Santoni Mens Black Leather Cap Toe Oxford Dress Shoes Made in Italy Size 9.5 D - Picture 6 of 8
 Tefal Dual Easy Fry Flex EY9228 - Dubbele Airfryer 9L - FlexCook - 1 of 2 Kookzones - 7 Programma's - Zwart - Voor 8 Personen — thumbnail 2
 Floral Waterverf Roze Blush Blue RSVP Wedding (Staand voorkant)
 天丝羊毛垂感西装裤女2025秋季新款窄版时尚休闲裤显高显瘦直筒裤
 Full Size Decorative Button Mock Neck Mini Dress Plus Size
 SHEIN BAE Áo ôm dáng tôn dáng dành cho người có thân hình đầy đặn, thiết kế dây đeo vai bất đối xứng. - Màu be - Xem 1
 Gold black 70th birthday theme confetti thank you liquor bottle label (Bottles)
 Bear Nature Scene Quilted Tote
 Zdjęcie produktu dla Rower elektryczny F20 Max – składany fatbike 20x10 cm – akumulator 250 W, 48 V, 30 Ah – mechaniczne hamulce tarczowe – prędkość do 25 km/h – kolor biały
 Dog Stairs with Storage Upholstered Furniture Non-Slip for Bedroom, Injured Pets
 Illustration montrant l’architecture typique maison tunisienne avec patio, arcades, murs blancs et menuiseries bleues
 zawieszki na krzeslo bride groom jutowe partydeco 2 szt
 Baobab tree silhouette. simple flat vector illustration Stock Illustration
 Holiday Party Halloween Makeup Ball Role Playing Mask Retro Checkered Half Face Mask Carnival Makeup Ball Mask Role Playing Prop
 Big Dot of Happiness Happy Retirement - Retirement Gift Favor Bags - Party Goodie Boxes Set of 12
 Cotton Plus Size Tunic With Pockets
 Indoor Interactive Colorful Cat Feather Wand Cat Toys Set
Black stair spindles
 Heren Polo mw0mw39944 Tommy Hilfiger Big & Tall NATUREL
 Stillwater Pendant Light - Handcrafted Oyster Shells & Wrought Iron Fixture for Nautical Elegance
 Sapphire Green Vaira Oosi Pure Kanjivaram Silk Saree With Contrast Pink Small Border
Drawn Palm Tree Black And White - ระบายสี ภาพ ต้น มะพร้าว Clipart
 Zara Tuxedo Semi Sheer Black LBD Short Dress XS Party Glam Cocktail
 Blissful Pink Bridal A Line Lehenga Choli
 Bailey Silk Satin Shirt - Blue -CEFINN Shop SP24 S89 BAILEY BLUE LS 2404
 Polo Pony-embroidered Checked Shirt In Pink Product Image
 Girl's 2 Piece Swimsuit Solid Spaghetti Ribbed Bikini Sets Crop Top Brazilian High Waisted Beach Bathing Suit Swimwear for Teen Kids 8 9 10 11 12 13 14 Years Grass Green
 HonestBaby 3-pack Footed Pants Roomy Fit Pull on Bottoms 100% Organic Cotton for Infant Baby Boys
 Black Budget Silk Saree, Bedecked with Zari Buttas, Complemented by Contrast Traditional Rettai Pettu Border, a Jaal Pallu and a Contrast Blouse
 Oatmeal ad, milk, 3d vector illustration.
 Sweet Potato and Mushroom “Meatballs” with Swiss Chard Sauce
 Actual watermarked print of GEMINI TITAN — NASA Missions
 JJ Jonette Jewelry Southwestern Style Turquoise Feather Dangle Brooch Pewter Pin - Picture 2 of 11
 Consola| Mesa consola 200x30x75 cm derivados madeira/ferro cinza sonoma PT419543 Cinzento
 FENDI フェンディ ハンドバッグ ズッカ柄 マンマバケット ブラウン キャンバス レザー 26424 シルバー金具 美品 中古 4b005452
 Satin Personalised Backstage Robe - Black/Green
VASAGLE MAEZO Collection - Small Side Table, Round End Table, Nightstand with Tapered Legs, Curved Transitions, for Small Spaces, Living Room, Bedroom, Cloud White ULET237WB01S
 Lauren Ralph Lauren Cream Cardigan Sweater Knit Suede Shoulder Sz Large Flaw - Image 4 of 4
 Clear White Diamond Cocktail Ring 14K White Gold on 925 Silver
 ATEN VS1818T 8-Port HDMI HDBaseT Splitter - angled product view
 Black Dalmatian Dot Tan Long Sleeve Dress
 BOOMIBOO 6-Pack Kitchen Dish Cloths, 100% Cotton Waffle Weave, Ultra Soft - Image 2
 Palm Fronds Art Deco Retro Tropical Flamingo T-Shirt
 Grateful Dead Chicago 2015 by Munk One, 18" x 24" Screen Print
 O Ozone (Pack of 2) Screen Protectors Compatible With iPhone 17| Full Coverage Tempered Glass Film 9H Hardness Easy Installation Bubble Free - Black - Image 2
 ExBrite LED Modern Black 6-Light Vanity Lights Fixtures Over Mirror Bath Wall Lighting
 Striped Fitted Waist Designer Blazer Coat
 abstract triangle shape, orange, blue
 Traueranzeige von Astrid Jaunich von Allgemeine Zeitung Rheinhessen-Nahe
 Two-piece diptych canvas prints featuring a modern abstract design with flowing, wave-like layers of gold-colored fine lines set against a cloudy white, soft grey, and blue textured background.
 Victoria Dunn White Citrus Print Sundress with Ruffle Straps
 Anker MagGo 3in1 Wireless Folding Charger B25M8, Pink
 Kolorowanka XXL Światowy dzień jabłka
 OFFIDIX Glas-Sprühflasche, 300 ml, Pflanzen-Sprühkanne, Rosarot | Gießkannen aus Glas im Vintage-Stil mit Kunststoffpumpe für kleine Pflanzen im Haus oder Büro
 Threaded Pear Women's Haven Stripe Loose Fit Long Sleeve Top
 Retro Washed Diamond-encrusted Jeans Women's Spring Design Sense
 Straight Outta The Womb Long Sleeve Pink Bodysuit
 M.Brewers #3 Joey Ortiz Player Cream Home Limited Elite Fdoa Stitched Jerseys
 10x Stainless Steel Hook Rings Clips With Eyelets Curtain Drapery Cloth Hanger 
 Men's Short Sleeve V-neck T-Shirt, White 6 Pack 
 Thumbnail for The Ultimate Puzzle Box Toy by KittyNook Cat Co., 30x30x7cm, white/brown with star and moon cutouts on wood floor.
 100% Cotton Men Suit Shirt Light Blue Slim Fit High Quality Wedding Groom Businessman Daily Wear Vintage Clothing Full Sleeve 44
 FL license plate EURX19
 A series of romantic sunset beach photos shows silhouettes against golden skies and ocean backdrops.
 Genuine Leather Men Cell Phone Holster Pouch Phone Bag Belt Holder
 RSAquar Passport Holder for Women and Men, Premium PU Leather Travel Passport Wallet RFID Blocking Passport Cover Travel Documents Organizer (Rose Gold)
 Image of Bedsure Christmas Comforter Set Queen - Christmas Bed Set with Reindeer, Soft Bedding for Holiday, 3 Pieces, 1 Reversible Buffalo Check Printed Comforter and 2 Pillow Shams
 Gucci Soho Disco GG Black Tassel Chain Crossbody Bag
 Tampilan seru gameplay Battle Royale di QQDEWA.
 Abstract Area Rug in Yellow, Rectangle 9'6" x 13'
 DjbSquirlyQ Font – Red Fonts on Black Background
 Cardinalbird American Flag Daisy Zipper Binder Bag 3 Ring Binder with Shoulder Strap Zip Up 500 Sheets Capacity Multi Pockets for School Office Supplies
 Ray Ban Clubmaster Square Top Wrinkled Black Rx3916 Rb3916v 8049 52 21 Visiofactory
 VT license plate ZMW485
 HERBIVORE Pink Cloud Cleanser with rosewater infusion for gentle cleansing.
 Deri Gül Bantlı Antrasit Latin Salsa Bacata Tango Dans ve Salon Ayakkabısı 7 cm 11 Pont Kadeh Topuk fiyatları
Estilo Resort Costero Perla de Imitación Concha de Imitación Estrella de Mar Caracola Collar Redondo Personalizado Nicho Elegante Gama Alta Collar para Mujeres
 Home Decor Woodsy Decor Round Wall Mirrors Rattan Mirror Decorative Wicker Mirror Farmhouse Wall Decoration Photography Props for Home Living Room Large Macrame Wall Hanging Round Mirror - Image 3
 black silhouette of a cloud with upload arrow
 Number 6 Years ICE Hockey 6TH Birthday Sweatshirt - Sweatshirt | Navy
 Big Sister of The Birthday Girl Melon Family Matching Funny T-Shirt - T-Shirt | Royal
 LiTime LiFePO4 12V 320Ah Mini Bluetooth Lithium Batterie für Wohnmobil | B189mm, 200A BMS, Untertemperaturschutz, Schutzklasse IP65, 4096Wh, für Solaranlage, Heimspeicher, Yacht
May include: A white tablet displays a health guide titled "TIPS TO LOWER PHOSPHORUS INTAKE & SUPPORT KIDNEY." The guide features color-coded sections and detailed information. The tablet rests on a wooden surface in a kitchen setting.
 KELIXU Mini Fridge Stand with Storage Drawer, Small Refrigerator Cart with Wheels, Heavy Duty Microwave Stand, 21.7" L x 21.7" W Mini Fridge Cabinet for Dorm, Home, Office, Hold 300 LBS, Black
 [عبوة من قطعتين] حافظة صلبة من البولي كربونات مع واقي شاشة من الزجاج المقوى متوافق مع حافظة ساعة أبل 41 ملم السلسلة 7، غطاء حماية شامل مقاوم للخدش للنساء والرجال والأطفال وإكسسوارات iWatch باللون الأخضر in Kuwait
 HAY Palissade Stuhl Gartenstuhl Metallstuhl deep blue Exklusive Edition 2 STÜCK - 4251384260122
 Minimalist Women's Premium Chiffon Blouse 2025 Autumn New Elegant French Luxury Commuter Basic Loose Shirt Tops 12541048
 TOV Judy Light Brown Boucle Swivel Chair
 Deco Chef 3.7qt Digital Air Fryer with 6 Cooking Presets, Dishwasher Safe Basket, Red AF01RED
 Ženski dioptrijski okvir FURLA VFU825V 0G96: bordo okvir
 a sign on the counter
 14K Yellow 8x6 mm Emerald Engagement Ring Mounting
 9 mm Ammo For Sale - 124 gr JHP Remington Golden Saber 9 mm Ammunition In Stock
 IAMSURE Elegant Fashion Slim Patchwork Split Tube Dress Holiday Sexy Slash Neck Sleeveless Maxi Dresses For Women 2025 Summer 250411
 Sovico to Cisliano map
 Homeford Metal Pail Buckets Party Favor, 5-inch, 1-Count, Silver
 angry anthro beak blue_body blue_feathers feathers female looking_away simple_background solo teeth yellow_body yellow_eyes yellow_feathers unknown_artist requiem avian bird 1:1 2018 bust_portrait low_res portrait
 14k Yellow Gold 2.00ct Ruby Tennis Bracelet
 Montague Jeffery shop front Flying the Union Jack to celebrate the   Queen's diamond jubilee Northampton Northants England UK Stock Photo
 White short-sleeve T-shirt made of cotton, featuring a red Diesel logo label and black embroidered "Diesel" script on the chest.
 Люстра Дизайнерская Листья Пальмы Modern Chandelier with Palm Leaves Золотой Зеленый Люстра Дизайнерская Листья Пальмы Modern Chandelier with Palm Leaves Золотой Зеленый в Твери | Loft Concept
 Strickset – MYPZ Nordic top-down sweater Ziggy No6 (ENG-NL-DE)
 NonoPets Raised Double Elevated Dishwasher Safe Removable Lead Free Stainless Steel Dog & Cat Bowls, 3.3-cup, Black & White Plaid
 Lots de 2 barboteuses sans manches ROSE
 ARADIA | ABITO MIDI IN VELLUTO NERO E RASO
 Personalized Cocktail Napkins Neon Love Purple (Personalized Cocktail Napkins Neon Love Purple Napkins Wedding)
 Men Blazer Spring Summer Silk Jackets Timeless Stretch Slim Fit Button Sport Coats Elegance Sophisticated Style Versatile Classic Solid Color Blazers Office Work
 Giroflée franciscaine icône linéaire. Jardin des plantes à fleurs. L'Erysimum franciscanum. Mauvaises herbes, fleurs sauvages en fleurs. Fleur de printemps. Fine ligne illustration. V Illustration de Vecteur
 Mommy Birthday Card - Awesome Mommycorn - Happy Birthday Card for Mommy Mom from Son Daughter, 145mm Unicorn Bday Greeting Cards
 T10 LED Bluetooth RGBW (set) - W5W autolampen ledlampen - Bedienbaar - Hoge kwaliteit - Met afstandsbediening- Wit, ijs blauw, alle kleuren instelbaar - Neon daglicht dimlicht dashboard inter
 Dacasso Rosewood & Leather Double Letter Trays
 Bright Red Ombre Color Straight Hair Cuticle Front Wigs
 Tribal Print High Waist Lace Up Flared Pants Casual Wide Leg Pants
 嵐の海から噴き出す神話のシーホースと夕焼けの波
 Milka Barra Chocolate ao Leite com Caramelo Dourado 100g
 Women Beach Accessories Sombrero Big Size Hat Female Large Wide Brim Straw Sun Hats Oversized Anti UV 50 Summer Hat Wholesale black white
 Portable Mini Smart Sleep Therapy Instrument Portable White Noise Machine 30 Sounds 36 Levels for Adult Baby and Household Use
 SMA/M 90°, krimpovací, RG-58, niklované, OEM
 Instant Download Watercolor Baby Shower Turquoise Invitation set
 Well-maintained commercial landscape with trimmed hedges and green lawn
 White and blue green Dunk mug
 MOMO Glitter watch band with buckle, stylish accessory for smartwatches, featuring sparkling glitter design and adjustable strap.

---+---

What this task involves: Each line in the data that holds the string "Contrast" must be returned.

Task result:
 Sapphire Green Vaira Oosi Pure Kanjivaram Silk Saree With Contrast Pink Small Border
 Black Budget Silk Saree, Bedecked with Zari Buttas, Complemented by Contrast Traditional Rettai Pettu Border, a Jaal Pallu and a Contrast Blouse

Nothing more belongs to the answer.